INPUT DATA:
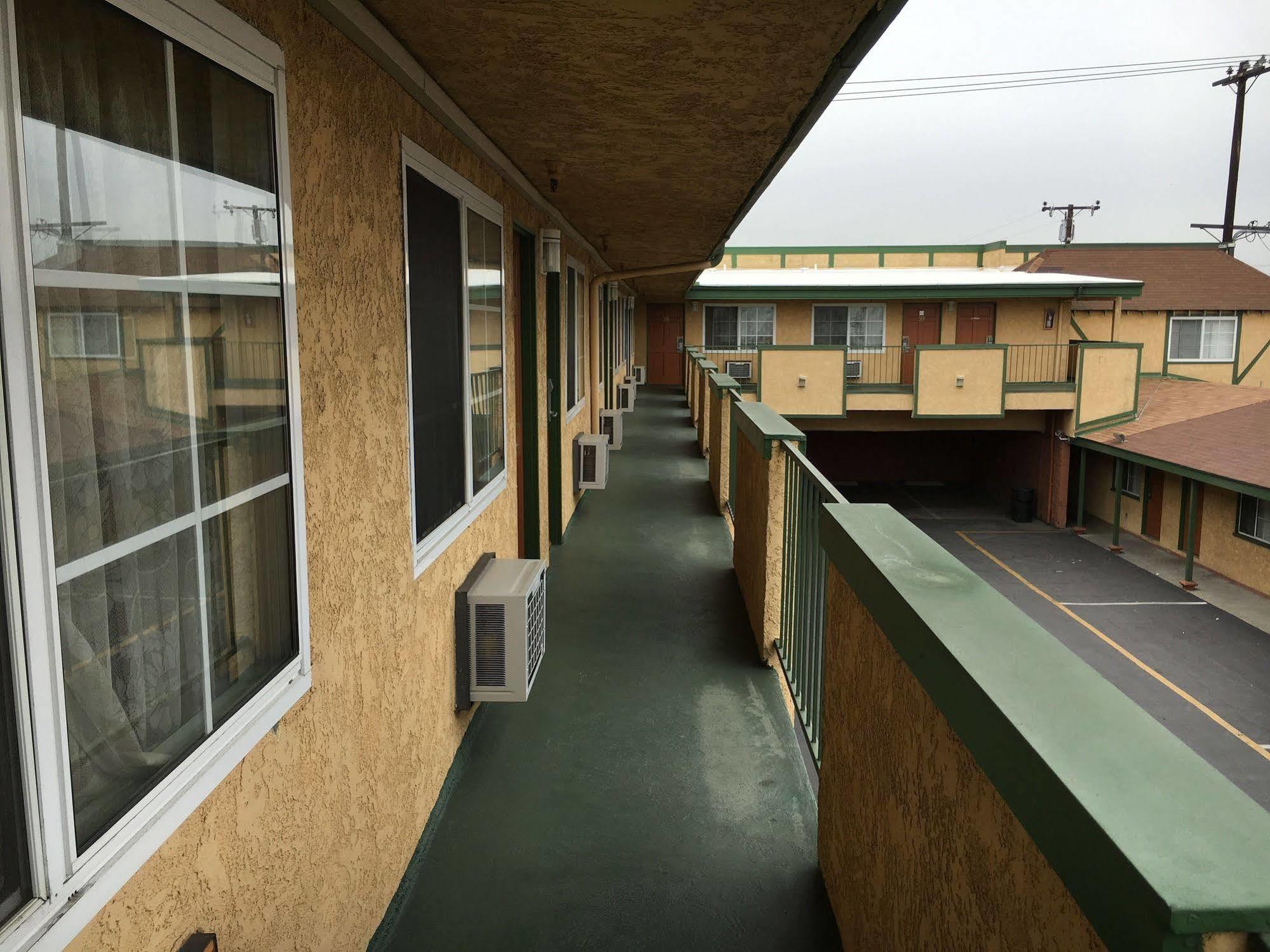 Starlite Motel Bellflower Exterior foto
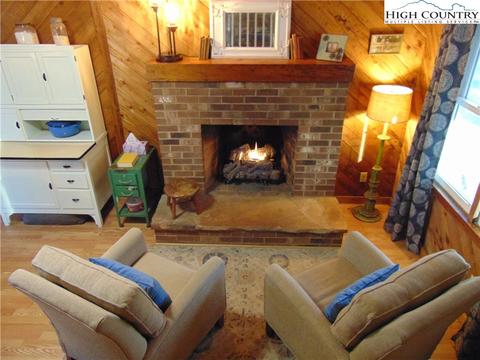 34 Hemlock Dr, Ennice, NC 28623 photo 4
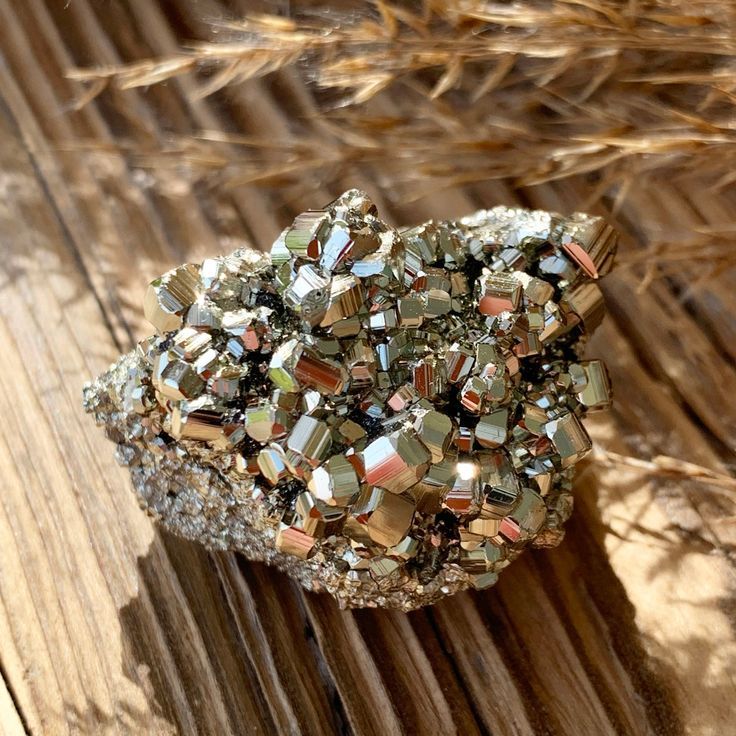 Baurite - Hematite stone Bracelet - (6 mm)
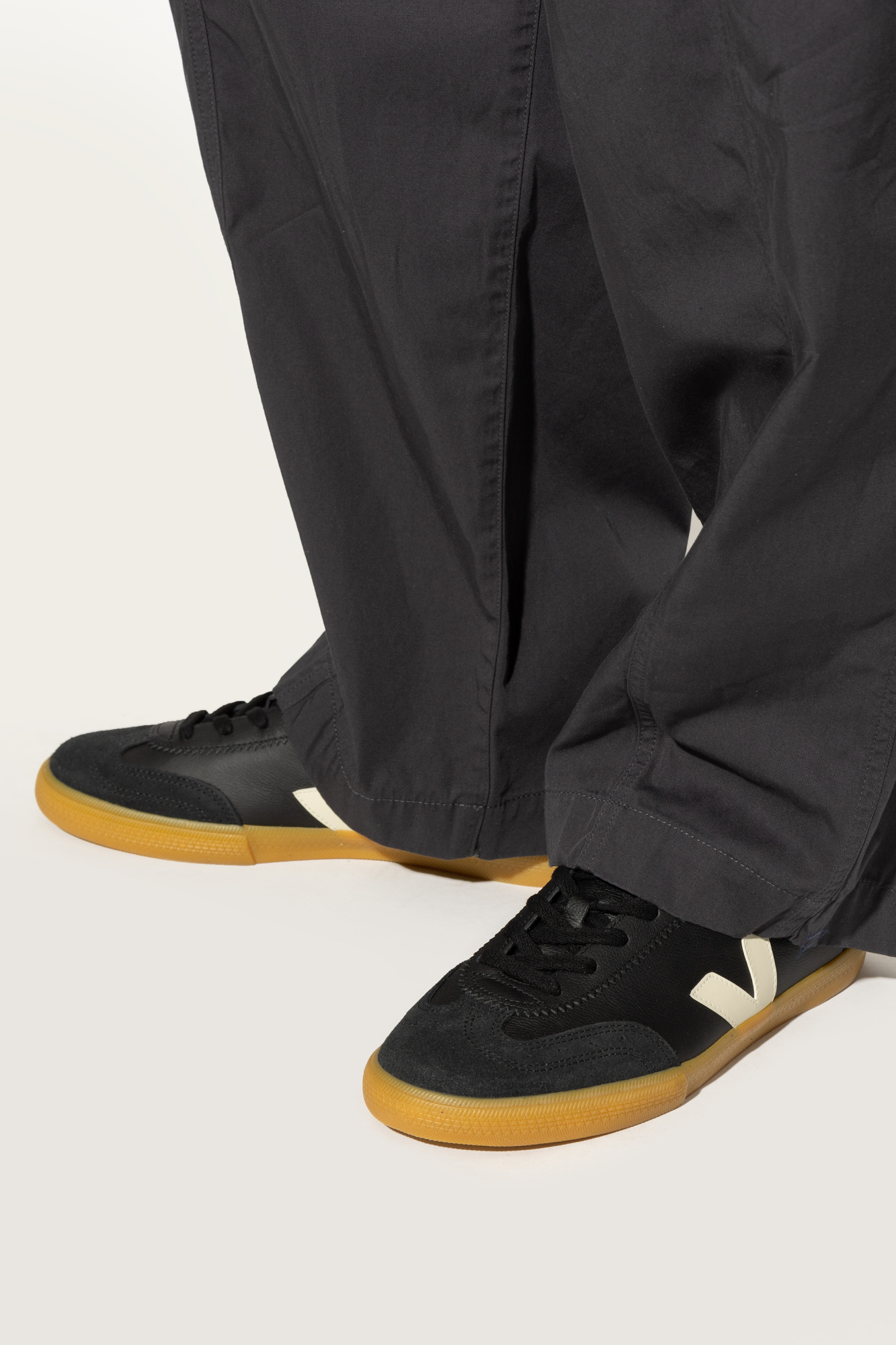 スニーカー VEJA Volley Sneakers - Veja - Leather - Black Volley black leather sneakers Women | Veja | All Our Shoes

TASK GOAL:
Write the material out again exactly. Skip each picture.

RESPONSE BELOW:
 Starlite Motel Bellflower Exterior foto
 34 Hemlock Dr, Ennice, NC 28623 photo 4
 Baurite - Hematite stone Bracelet - (6 mm)
 スニーカー VEJA Volley Sneakers - Veja - Leather - Black Volley black leather sneakers Women | Veja | All Our Shoes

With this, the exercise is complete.